Zum Abschlußgottesdienst der „katholischen Weltjugendtage“ pilgerten diesen August gar eine Millionen Menschen, um im Schatten des Eifelturms das Gezetere gegen „hedonistische Mentalität, Ehrgeiz und Egoismus“ und die Propaganda für die patriarchalische Ehe und Familie zu beklatschen.
Es sieht nicht gut aus für verbissene Atheisten, hier nicht und auf den anderen Kontinenten ebensowenig. In Brasilien strömten die Gläubigen diesen Sommer ebenfalls zuhauf in die Arenen der Weltkirche, die sich angesichts solcher Zustimmung wieder anmaßt, um die Meinungsführerschaft innerhalb des Ideenwettbewerbs zu ringen. Und auch in Nordamerika zählt man die Anhänger des religiösen Fundamentalismus in Millionen.
Folgten die schwarzen Männer vor einigen Monaten den antisemitischen Parolen des Predigers des Islam, Louis Farrakhan, während des Million Man Marches, so versammelten sich unlängst die weißen Männer (700000) unter Anleitung der Promise Keepers, ein evangelikaler Verbund, um den Verfall der Moral und althergebrachten Werte zu beklagen.
Noch muß ein Mensch mit rationaler Weltsicht nicht befürchten, demnächst in den Folterkellern irgendwelcher Spiritualisten oder religiöser Fundis der heliozentrischen Lehre abzuschwören. Allerdings verabschieden sich die Sternstunden der Emanzipation im selben Tempo wie die religiös-konservativen Think Tanks an Einfluß und Massenbasis gewinnen. Die Voraussetzung für die Befreiung des Menschen ist die Fähigkeit des Menschen, die Verhälnisse in denen er lebt, analysieren zu können. Mit dem Glauben an Gott und andere höhere Wesen wird genau jener erste Schritt negiert und übrig bleiben die Anschaungen von einer naturgesetzlichen Ordnung mit ihrer impliziten Rechtfertigung von Eliten, Ausbeutung, Rassismus und Patriarchat.

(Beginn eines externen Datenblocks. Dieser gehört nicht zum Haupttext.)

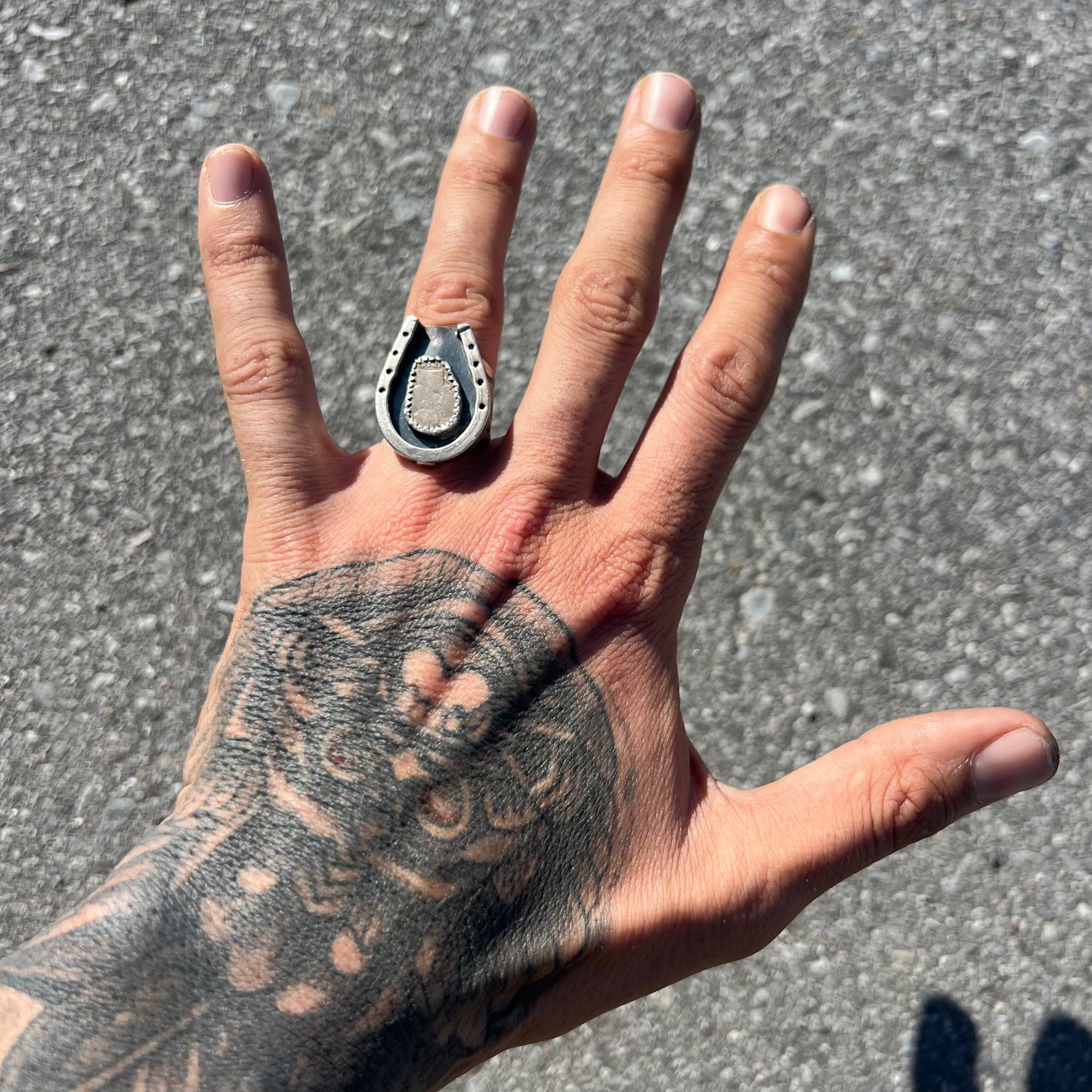 1920’s Sterling Silver Old Pawn Horseshoe Ring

Der Backlash, der von den Massen und ihren Medien so traurig-freudig-kämpferisch umjubelt wird, ist ein Schlag gegen zweihundert Jahre aufklärerische Philosophie. Die Denker der französischen rationalistischen Schule, die einst mit iherer Enzyklopädie das Prinzip „Aufklärung“ gegen die Form „Autorität“ setzten, die sich strikt gegen Gefühle und Emotionen religiöser Natur und gegen die Liebe zum König, zum Fürsten, zu den politischen Institutionen und Traditionen wendeten, sollen in einer Art politischer Spätlese auf den Müllhaufen der Ideengeschichte verfrachtet werden. Dort können sie sich dann mit Marx und seinen Genossen, die dort schon ein paar Jahre mehr rumdümpeln, gegenseitig gute Nacht sagen. Dem Spiegel fällt auch dieser Abschied vom klugen Denken nicht schwer. Selbstbewußt setzt sich das Vorzeigeblatt des Bildungsbürgers bei diesem schwerwiegendem Schritt in Pose: „Wenn das eine Art von schwerer Geisteskriminalität sein soll, ein Hereinfallen auf Talmi-Glanz, ein Rückfall ins Mittelalter - dann zum Teufel mit den Aufklärern.“
Und so erweisen sich das Regime des Sentiments und die Erweckung durch die Religion (respektive Esoterik und Spiritualismus) als die zwei Seiten der selben Medaille, mit der sich die Gewinner der Systemauseinandersetzung zu allem Überfluß jetzt auch noch schmücken wollen.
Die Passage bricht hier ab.